• [WHAT TO WORK ON]
Each line of the listing below that includes "Business" must be copied.

BEGIN STUDY MATERIAL

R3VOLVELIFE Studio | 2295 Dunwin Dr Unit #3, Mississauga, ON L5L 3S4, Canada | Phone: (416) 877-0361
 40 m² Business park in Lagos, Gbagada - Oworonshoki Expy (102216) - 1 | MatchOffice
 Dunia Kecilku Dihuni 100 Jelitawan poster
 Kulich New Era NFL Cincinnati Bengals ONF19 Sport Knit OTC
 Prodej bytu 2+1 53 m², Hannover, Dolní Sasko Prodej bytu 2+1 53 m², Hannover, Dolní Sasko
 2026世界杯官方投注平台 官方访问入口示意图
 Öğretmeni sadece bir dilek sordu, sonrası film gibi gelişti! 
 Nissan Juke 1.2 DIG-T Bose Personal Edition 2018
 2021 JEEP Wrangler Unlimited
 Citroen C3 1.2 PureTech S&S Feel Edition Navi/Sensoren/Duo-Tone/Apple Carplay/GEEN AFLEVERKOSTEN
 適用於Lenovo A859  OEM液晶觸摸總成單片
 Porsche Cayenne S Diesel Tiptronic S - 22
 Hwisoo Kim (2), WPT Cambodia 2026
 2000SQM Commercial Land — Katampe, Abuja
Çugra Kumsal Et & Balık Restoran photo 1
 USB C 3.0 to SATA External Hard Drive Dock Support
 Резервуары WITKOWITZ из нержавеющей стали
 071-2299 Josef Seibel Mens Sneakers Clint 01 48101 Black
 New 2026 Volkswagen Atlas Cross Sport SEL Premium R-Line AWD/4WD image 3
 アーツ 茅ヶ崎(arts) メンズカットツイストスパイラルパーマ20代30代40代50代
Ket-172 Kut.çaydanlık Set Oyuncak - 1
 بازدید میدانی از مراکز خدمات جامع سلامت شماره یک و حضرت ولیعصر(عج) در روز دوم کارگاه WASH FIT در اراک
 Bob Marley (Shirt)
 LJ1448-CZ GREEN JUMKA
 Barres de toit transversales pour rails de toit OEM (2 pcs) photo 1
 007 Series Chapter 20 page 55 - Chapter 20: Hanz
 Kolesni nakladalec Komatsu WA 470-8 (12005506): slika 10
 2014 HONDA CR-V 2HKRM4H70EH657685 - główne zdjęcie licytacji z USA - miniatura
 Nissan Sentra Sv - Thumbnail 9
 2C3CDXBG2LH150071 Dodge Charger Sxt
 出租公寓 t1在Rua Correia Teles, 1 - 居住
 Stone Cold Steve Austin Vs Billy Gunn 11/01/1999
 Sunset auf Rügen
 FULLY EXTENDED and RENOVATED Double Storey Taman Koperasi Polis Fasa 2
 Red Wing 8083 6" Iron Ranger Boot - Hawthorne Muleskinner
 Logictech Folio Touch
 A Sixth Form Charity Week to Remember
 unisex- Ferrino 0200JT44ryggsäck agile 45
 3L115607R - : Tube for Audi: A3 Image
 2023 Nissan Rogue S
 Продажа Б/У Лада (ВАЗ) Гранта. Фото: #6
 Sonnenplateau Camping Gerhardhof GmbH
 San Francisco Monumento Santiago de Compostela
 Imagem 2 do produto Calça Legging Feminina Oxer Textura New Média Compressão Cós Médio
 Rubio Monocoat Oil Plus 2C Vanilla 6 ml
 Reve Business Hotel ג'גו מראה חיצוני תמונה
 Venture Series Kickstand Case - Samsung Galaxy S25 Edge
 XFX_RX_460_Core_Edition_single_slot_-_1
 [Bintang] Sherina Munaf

END STUDY MATERIAL

• [TASK ANSWER]
 40 m² Business park in Lagos, Gbagada - Oworonshoki Expy (102216) - 1 | MatchOffice
 Reve Business Hotel ג'גו מראה חיצוני תמונה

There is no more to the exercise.